======== Records provided

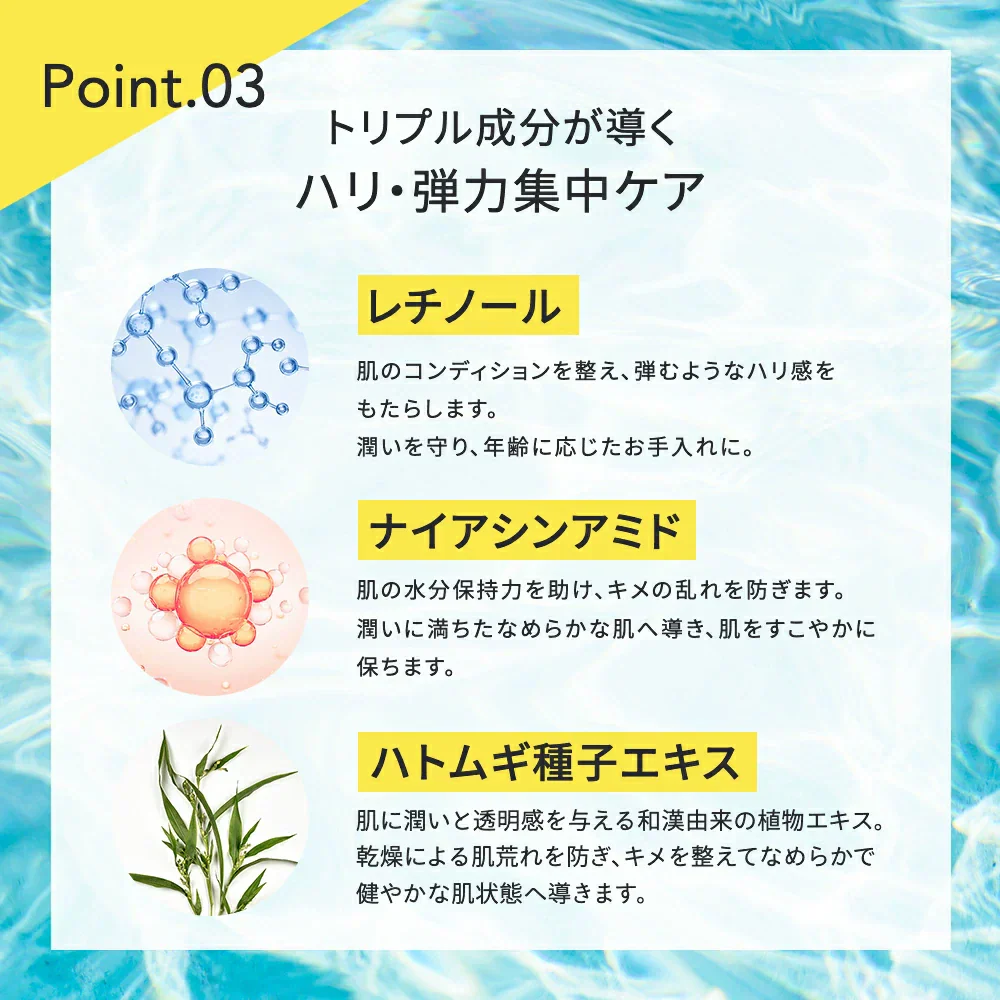 VitaminC100 MOIST FACE MASK ビタミンC100 モイスト フェイス マスク 30枚入 Make.iN パック シートマスク 日本製 美容成分 高浸透 高持続 キメ ハリ ツヤ VC100 PB ビタミンC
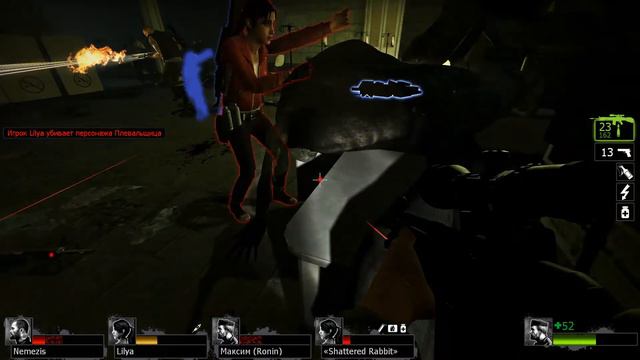 L4D2. Зойка пулеметчица смотреть онлайн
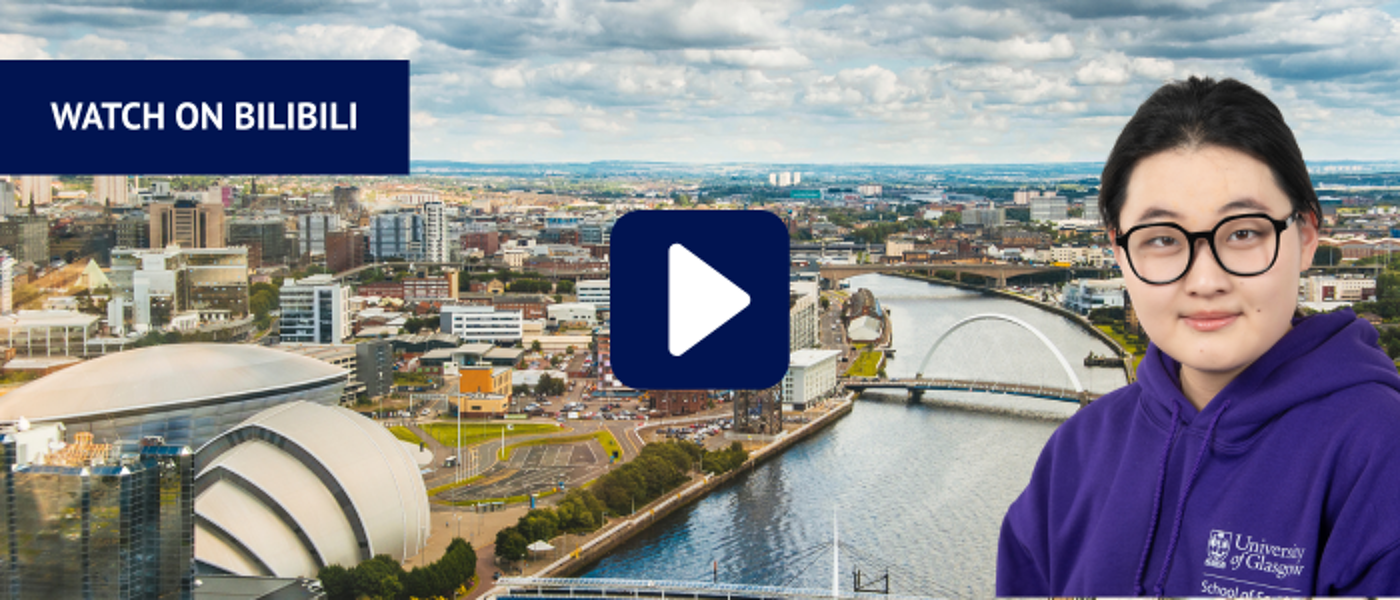 View of Glasgow down the River Clyde with headshot of woman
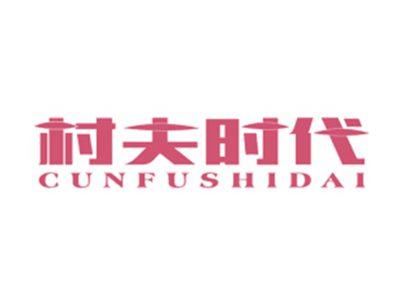 村夫时代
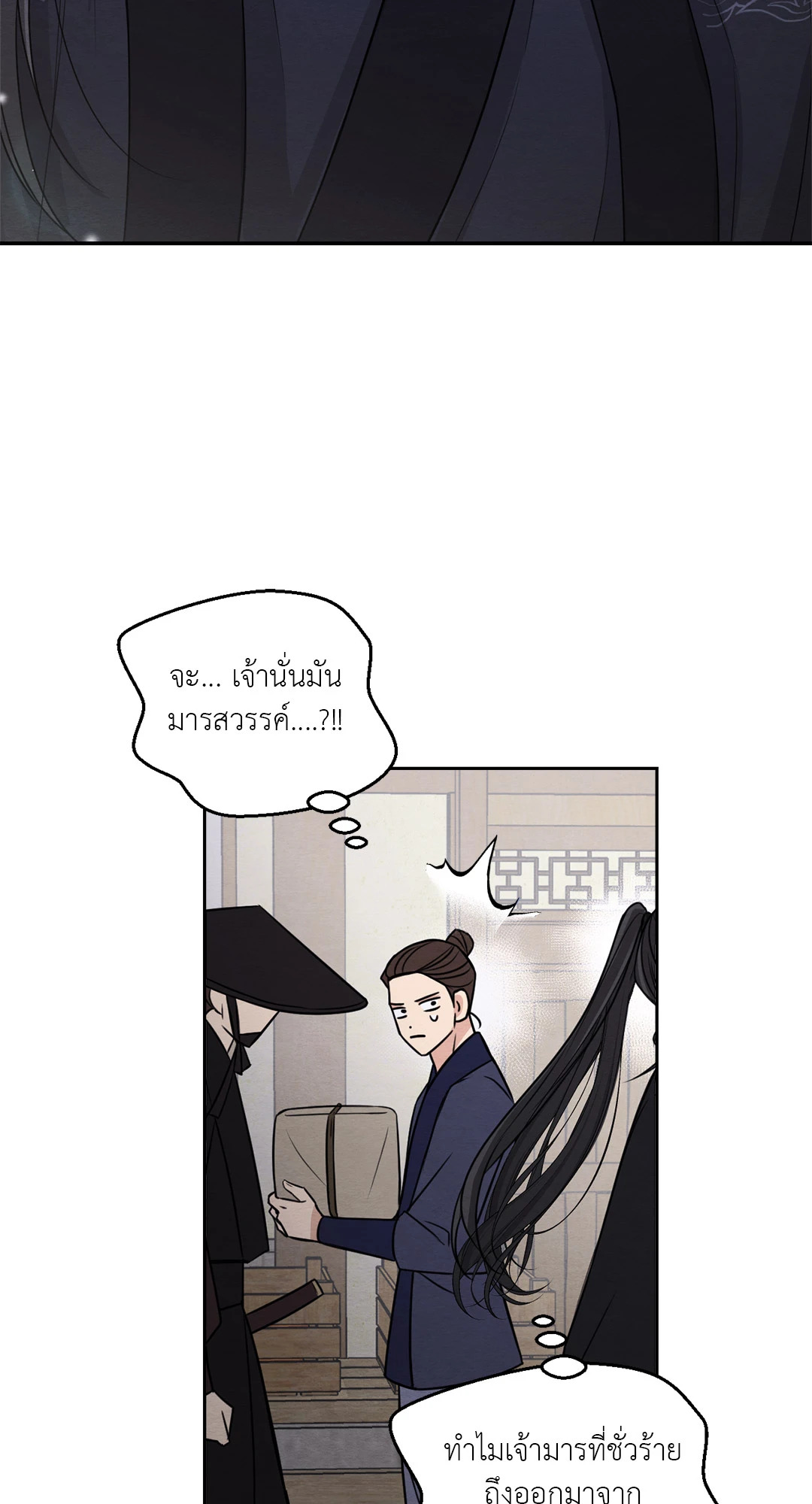 หน้า 85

================

### [Work instructions]
Reproduce each line above exactly, but not a single picture.

### [Written response]
 VitaminC100 MOIST FACE MASK ビタミンC100 モイスト フェイス マスク 30枚入 Make.iN パック シートマスク 日本製 美容成分 高浸透 高持続 キメ ハリ ツヤ VC100 PB ビタミンC
 L4D2. Зойка пулеметчица смотреть онлайн
 View of Glasgow down the River Clyde with headshot of woman
 村夫时代
 หน้า 85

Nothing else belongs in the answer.